**Instructions to follow**
Please reproduce all of the data exactly as it appears, but skip the pictures.

**Supplied records**
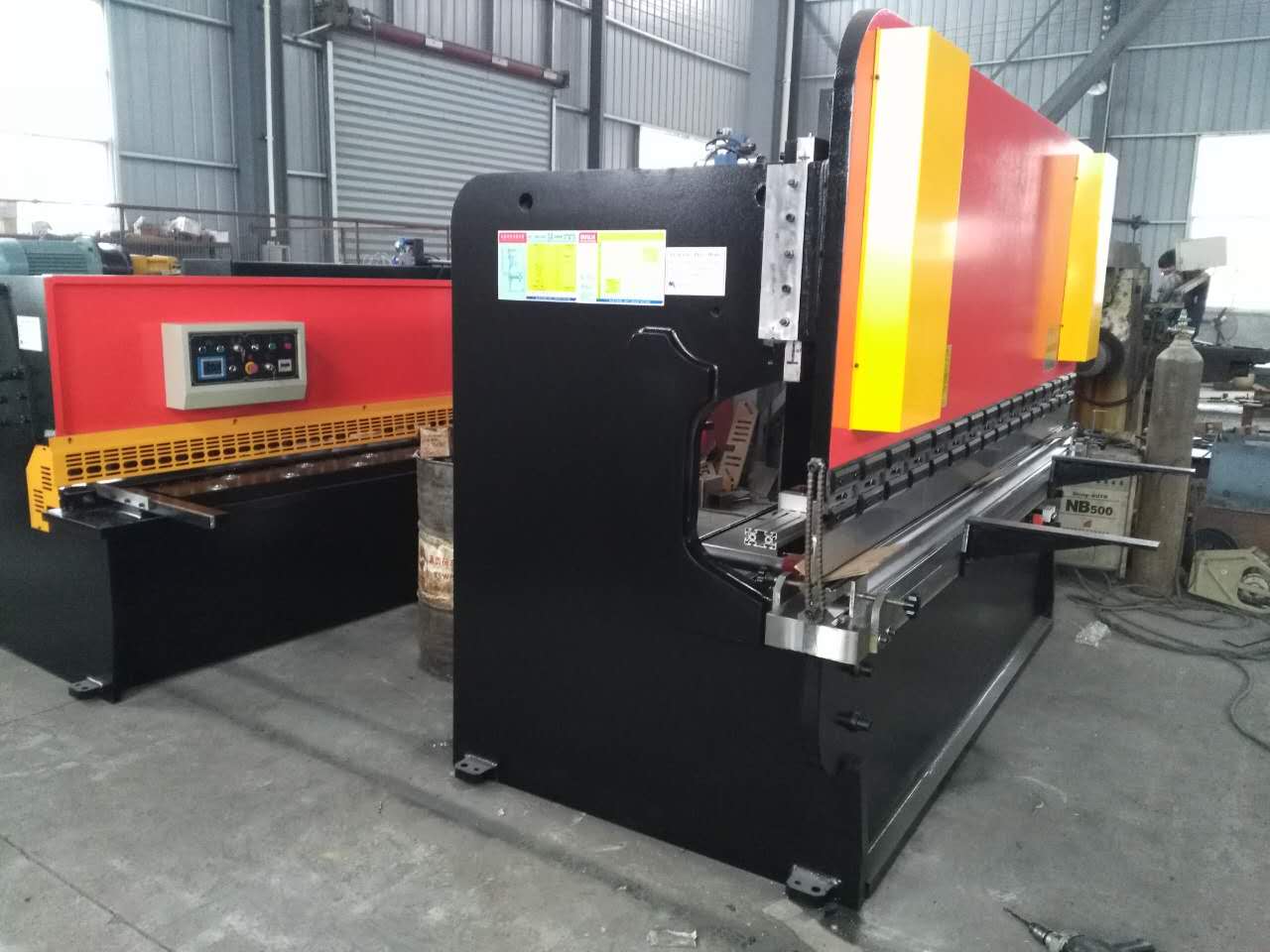 Hydraulic Swing Beam Guillotine Shears Qc12y-4x2500 Хидравлични гилотинни ножици с въртяща се греда Qc12y-4x2500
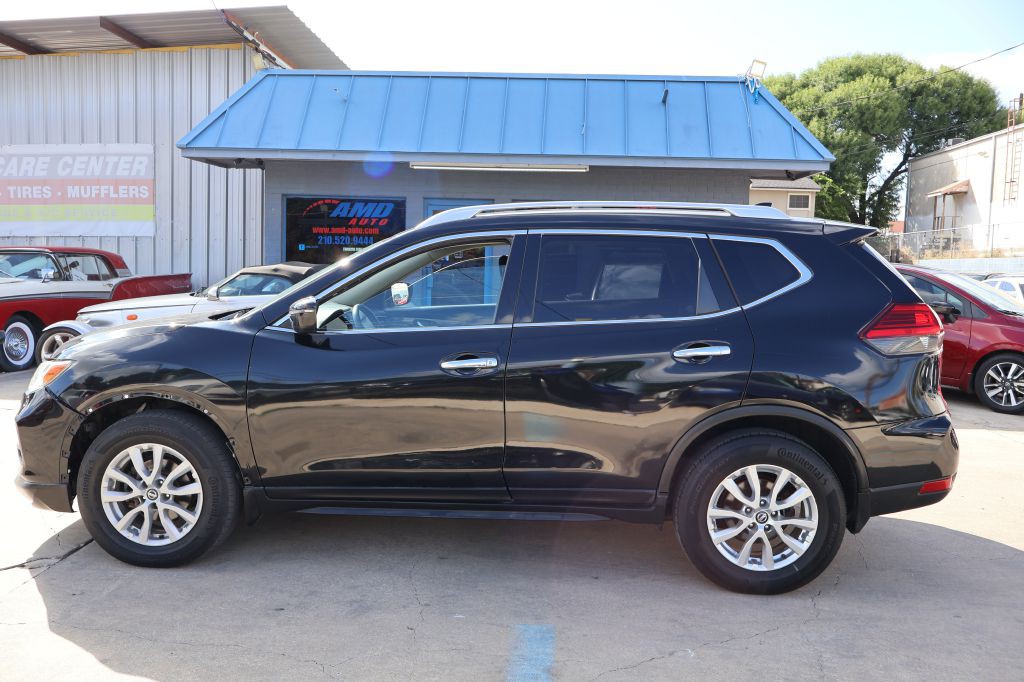 2017 Nissan Rogue Image 4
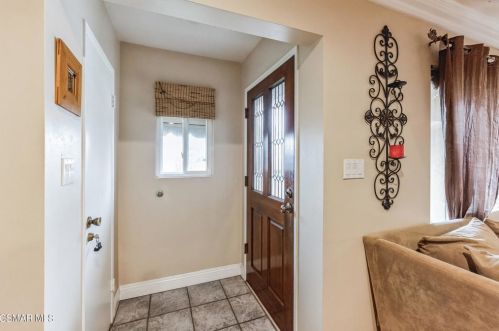 2319 Maelee Dr, Vista, CA 92084-2509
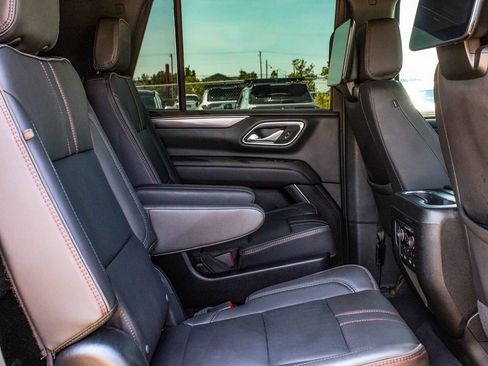 Used 2024 Chevrolet Tahoe RST w/ Luxury Package AWD/4WD image 38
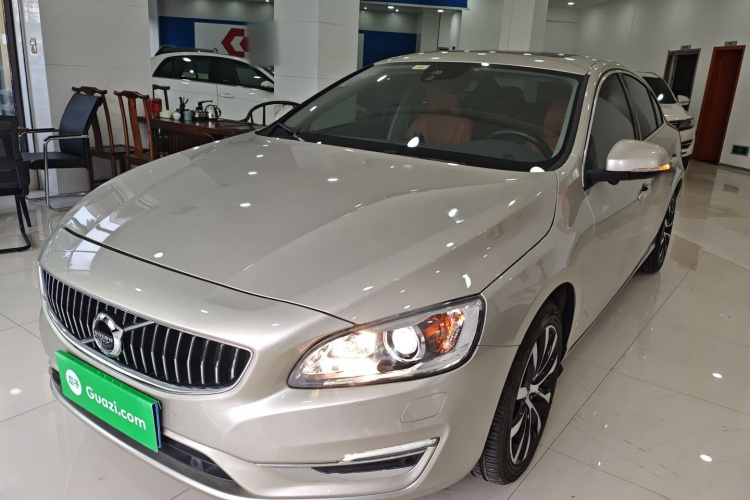 沃尔沃S60 2019款 S60L 改款 T5 智进进阶版车身外观1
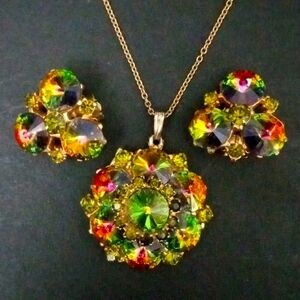 Vintage Jolee Necklace Earring Rivoli Set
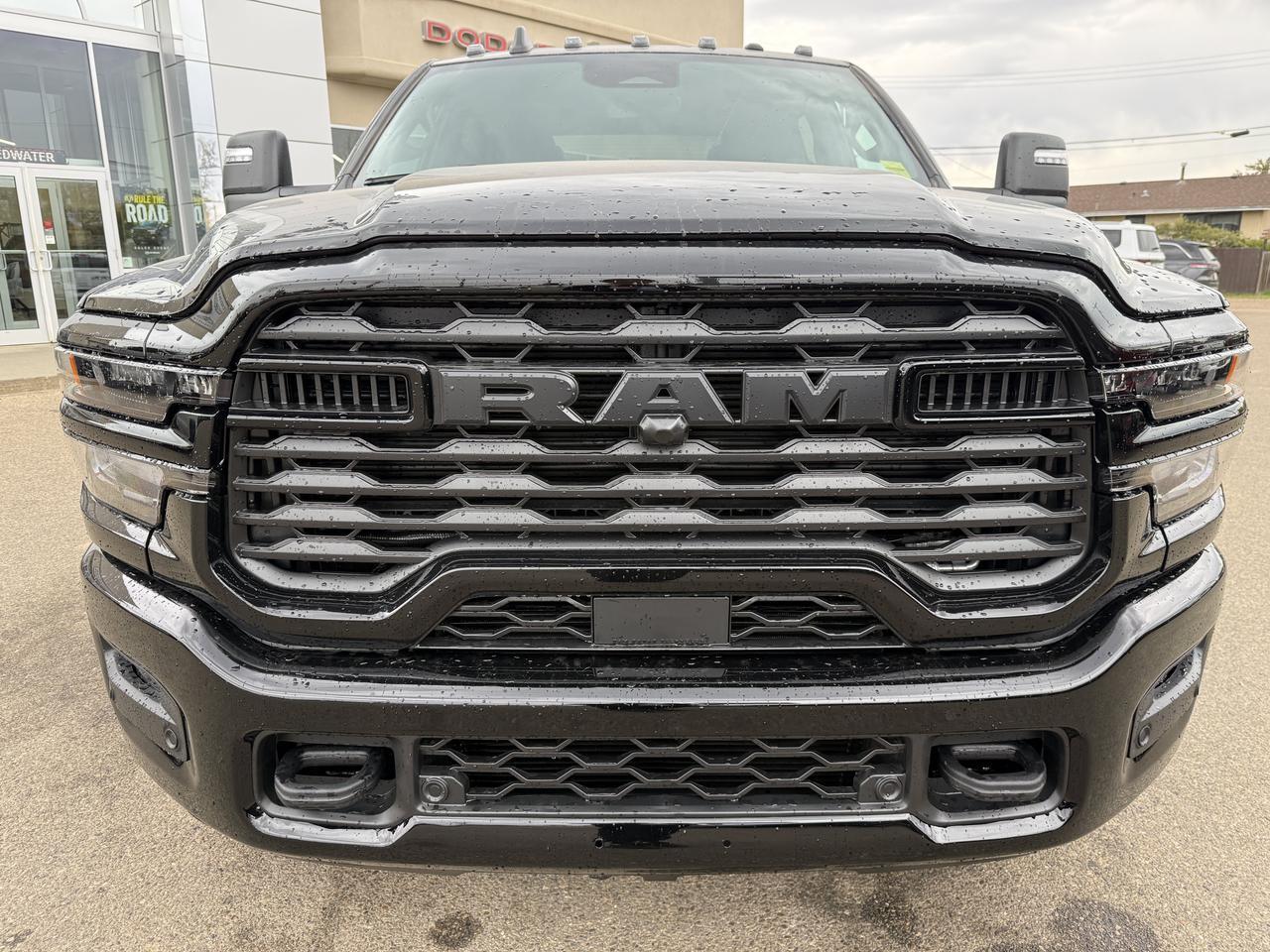 2027 Ram 3500 Big Horn Crew Cab 4x4 | Cummins Diesel | NAV | 12IN Display | Heated Seats | Remote Start Redwater AB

**Answer to this problem**
 Hydraulic Swing Beam Guillotine Shears Qc12y-4x2500 Хидравлични гилотинни ножици с въртяща се греда Qc12y-4x2500
 2017 Nissan Rogue Image 4
 2319 Maelee Dr, Vista, CA 92084-2509
 Used 2024 Chevrolet Tahoe RST w/ Luxury Package AWD/4WD image 38
 沃尔沃S60 2019款 S60L 改款 T5 智进进阶版车身外观1
 Vintage Jolee Necklace Earring Rivoli Set
 2027 Ram 3500 Big Horn Crew Cab 4x4 | Cummins Diesel | NAV | 12IN Display | Heated Seats | Remote Start Redwater AB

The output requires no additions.